##### INPUT DATA #####
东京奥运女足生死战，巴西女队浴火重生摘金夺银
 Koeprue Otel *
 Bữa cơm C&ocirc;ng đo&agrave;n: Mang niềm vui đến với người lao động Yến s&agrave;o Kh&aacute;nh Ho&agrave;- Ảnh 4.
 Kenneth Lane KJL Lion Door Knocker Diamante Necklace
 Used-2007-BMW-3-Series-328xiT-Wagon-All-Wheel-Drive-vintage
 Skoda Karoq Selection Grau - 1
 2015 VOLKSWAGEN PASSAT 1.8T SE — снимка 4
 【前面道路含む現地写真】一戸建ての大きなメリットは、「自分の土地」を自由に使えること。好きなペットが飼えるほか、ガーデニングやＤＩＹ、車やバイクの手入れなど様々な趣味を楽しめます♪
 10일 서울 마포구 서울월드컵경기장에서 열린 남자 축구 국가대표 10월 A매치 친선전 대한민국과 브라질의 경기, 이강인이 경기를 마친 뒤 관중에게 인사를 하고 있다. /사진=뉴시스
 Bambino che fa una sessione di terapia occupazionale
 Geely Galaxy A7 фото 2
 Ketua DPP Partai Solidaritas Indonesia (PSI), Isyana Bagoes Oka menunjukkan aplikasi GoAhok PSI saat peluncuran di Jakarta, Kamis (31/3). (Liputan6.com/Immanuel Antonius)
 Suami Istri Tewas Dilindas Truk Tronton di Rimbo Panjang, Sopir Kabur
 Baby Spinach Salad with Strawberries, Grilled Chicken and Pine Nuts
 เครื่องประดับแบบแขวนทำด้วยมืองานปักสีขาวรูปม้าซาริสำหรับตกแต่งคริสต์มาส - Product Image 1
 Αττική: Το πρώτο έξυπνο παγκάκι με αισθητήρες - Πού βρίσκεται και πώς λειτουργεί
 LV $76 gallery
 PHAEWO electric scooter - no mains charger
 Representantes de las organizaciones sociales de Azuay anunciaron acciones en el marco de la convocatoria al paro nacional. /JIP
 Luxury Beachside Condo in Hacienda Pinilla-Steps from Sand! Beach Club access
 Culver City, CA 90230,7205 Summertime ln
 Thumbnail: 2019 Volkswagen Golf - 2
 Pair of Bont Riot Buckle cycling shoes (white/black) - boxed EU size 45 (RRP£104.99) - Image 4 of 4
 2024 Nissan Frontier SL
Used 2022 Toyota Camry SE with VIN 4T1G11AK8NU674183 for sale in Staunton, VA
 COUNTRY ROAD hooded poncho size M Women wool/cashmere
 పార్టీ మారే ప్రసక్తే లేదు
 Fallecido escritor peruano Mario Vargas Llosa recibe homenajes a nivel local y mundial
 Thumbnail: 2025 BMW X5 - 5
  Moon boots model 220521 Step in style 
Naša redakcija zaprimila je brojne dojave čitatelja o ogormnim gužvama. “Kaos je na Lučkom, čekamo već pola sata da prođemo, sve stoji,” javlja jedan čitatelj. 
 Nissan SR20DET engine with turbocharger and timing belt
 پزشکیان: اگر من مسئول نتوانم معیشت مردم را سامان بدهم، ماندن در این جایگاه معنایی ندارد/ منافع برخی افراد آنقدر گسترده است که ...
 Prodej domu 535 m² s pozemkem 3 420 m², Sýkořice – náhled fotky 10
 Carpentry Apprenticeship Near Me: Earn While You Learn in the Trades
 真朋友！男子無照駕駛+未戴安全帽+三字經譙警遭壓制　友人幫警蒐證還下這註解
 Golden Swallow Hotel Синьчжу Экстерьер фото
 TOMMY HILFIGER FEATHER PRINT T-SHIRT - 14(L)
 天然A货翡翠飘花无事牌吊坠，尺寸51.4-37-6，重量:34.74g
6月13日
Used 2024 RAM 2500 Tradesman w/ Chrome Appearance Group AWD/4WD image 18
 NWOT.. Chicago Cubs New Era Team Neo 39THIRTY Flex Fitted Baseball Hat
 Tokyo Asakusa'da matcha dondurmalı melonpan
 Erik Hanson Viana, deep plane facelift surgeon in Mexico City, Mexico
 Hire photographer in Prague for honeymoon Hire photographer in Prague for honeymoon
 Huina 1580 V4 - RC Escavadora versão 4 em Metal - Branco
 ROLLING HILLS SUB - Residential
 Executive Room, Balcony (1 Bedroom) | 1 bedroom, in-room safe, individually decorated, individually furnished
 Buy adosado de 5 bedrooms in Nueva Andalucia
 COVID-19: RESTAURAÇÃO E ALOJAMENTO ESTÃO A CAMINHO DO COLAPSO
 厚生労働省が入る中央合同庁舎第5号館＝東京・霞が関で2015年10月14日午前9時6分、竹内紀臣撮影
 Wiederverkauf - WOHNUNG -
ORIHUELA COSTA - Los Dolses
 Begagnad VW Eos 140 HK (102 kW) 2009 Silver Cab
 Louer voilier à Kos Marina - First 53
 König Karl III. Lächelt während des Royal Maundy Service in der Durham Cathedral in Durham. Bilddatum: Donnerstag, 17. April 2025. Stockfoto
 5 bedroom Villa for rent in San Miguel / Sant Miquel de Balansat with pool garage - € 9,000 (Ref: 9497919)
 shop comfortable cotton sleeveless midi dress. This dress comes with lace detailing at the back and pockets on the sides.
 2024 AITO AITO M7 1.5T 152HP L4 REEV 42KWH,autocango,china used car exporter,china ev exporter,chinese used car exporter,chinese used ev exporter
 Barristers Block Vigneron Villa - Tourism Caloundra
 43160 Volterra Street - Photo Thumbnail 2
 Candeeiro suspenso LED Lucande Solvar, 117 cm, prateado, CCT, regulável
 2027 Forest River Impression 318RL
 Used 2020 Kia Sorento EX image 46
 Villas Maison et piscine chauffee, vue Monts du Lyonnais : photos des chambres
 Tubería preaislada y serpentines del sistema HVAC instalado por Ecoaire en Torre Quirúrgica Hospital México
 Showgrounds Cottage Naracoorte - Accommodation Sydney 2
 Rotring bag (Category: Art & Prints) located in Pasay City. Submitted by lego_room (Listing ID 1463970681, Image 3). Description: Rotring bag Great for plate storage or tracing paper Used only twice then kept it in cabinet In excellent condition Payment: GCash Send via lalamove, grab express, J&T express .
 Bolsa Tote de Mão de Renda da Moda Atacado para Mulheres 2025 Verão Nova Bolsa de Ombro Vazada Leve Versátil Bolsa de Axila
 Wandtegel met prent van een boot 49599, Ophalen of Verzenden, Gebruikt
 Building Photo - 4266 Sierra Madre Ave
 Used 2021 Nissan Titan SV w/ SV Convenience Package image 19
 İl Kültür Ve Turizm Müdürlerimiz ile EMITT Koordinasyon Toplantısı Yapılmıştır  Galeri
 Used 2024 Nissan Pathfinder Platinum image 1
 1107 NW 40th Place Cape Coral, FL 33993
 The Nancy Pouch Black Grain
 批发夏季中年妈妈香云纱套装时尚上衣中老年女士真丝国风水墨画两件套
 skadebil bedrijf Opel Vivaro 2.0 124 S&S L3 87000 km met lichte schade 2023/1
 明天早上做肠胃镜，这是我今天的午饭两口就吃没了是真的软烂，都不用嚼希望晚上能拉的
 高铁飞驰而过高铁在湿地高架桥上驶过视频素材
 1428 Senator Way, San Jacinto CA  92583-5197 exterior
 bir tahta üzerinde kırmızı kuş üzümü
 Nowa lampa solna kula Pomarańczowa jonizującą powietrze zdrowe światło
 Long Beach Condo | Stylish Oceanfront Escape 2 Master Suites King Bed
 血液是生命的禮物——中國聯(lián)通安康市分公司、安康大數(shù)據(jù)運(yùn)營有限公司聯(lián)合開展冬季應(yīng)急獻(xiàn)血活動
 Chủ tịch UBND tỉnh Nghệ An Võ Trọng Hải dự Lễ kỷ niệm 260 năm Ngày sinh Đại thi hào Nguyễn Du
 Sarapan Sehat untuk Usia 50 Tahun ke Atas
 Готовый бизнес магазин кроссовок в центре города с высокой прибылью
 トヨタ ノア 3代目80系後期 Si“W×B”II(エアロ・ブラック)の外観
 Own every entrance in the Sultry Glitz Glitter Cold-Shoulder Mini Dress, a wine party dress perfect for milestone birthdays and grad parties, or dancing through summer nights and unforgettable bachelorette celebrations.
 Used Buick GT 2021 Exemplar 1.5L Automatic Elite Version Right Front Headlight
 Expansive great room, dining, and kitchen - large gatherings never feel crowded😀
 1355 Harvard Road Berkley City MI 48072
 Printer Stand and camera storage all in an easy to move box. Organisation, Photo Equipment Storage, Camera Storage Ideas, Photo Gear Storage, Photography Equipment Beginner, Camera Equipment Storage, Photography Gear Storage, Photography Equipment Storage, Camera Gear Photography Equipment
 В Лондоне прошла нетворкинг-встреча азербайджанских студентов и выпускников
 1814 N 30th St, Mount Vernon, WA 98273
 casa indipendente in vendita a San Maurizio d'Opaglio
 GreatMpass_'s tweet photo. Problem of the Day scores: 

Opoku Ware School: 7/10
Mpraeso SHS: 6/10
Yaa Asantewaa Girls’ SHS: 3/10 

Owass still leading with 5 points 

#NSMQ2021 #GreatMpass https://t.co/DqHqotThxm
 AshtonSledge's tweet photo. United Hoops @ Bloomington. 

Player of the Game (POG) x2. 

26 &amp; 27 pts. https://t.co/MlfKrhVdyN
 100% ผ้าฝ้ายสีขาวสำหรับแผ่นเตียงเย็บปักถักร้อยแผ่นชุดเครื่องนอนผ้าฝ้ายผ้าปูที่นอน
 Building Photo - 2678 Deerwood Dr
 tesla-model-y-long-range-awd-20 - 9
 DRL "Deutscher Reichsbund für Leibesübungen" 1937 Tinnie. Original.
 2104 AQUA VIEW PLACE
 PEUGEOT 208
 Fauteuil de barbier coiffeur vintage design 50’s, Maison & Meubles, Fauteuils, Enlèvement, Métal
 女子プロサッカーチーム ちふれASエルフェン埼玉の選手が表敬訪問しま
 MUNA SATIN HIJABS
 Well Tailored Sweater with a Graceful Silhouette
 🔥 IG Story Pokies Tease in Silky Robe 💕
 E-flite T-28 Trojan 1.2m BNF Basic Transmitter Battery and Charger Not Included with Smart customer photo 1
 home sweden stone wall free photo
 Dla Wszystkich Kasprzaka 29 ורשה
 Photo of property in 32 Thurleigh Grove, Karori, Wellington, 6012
#####
For every line above that includes the string "Maison", copy the line.

 Villas Maison et piscine chauffee, vue Monts du Lyonnais : photos des chambres
 Fauteuil de barbier coiffeur vintage design 50’s, Maison & Meubles, Fauteuils, Enlèvement, Métal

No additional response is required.